The effect of the statute of limitations and the extent to which it is applicable depend upon the nature of the cause of action and the time when it accrues. The South Carolina rule is that there is a taking within the meaning of the constitution, and consequently an accrual of a right of action, when "neighboring real estate, belonging to a private owner, is actually invaded by superinduced additions of water, earth, sand or other material * * *." Milhous v. State Highway Dept., 194 S.C. 33, 8 S.E. 2d 852, 854, 128 A.L.R. 1186, quoting 10 R.C.L. 70. A neighboring landowner, however, acquires no rights against the owner of the dam and limitations do not begin to run until an actual injury occurs. Lynn v. Thomson, 1881, 17 S.C. 129; McDaniel v. Greenville-Carolina Power Co., 1913, 95 S.C. 268, 78 S.E. 980, 6 A.L.R. 1321.

Once some actual injury is suffered, however, if the cause is permanent, non-negligent, and not subject to abatement, a single right of action accrues, in which the landowner must seek recovery for both past and future damages. Rice Hope Plantation v. South Carolina P. Serv, Auth., 1950, 216 S.C. 500, 59 S.E.2d 132, 140; Webb v. Greenwood County, 1956, 229 S.C. 267, 92 S.E.2d 688.1

But the right to future damages, and the corresponding obligation to seek them in a single suit, are not automatic. The answer depends upon whether the "permanency and extent" of the prospective injuries are, or should be, known to the landowner. Webb v. Greenwood County, 1956, 229 S.C. 267, 92 S.E.2d 688, 695. The rule has twin objectives. The first is to protect defendants against the harassment of successive suits in circumstances where a single action could fully adjudicate the rights of the parties. The other, equally important, is to avoid the injustice to plaintiffs of having limitations begin to run against them before their right to sue has matured.

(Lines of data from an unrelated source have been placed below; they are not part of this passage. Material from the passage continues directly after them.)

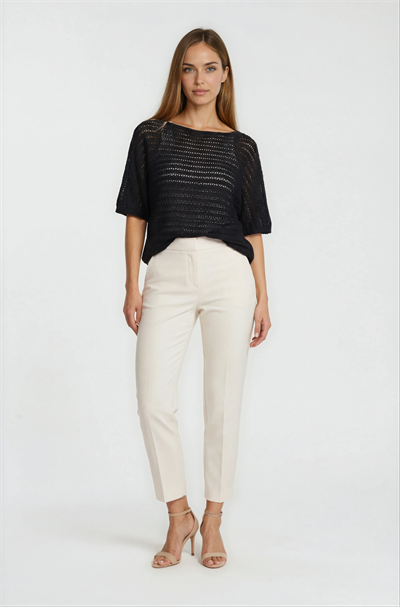 Kayık Yaka Delikli Merserize Triko SİYAH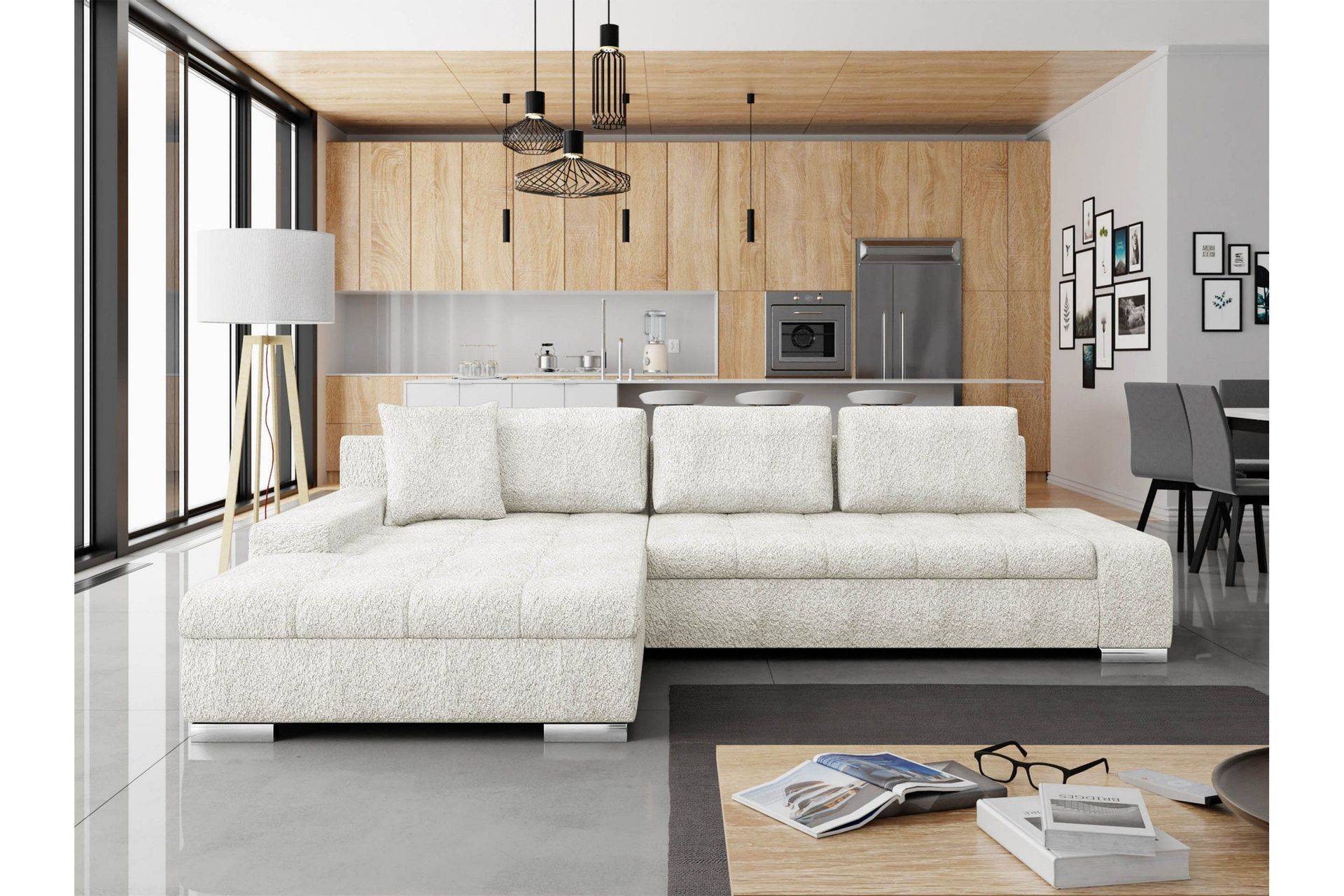 Cerys Bäddsoffa m. Divan 3-sits - Vit divan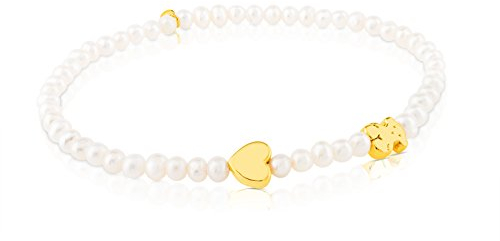 TOUS Pulsera Elástica de Oro de 18k para Mujer con Motivo de Oso 0.6 cm y Perlas Cultivadas, Clásica y Dulce, Colección Sweet Dolls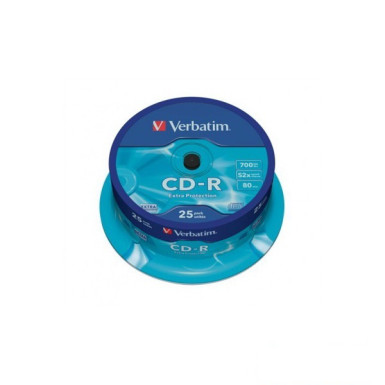 CD-R lemez, 700MB, 52x, hengeren, VERBATIM "DataLife" CDV7052B25DL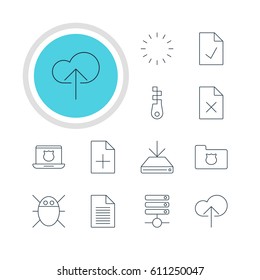 Vector Illustration Of 12 Internet Icons. Editable Pack Of Delete Data, Waiting, Information Load And Other Elements.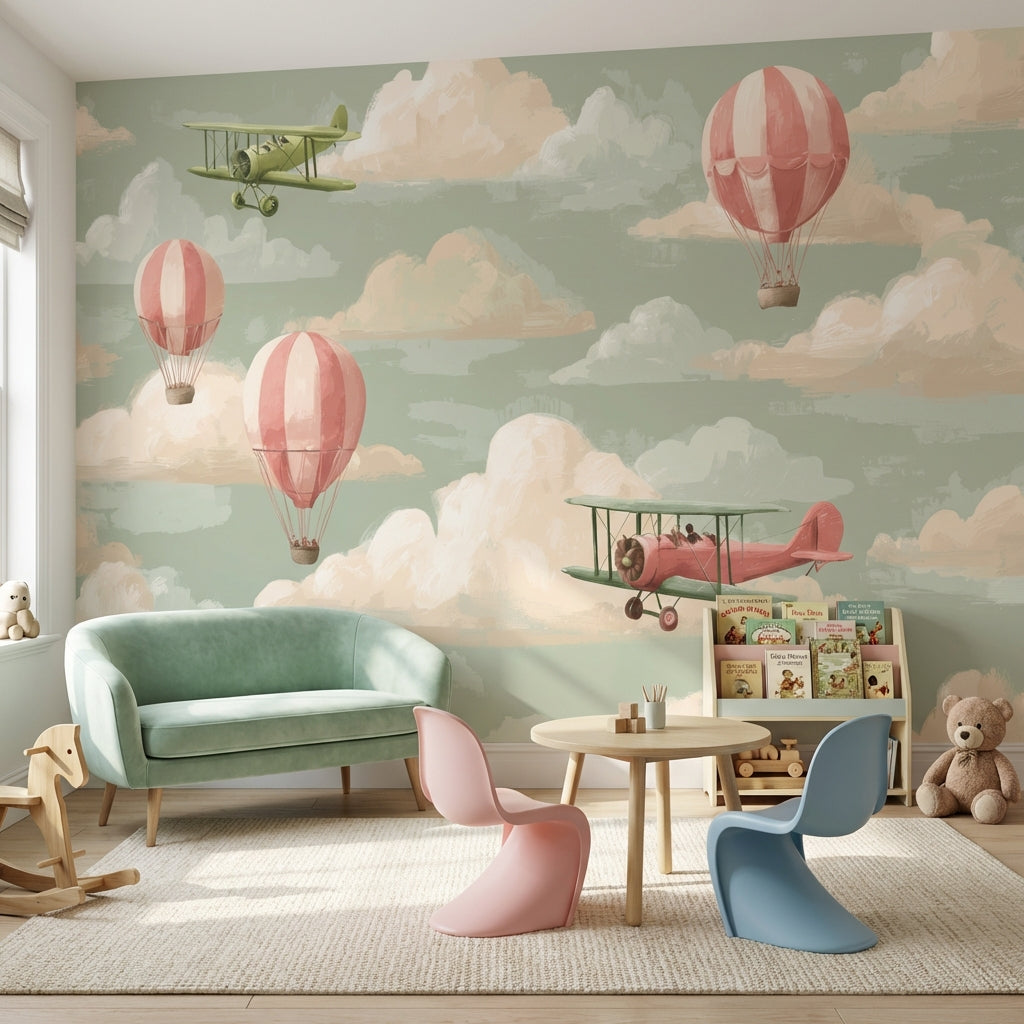 Sıcak Hava Balonlu Poster Duvar Kağıdı Pastel Yeşil Çocuk Odası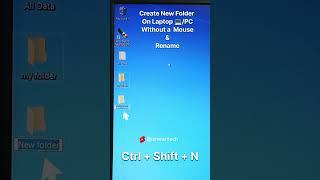 Create New Folder On Laptop/PC Without a Mouse and Rename #shorts #youtubeshorts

If the existing injury must necessarily continue or increase, and if the amount of the damage can be determined or estimated, the cause of action as to future damage accrues at once. Webb v. Greenwood County, 1956, 229 S.C. 267, 92 S.E.2d 688. 56 Am.Jur., "Waters," Sec. 443, p. 858. Cf. Commercial Drilling Co. v. Kennedy, 1935, 172 Okl. 475, 45...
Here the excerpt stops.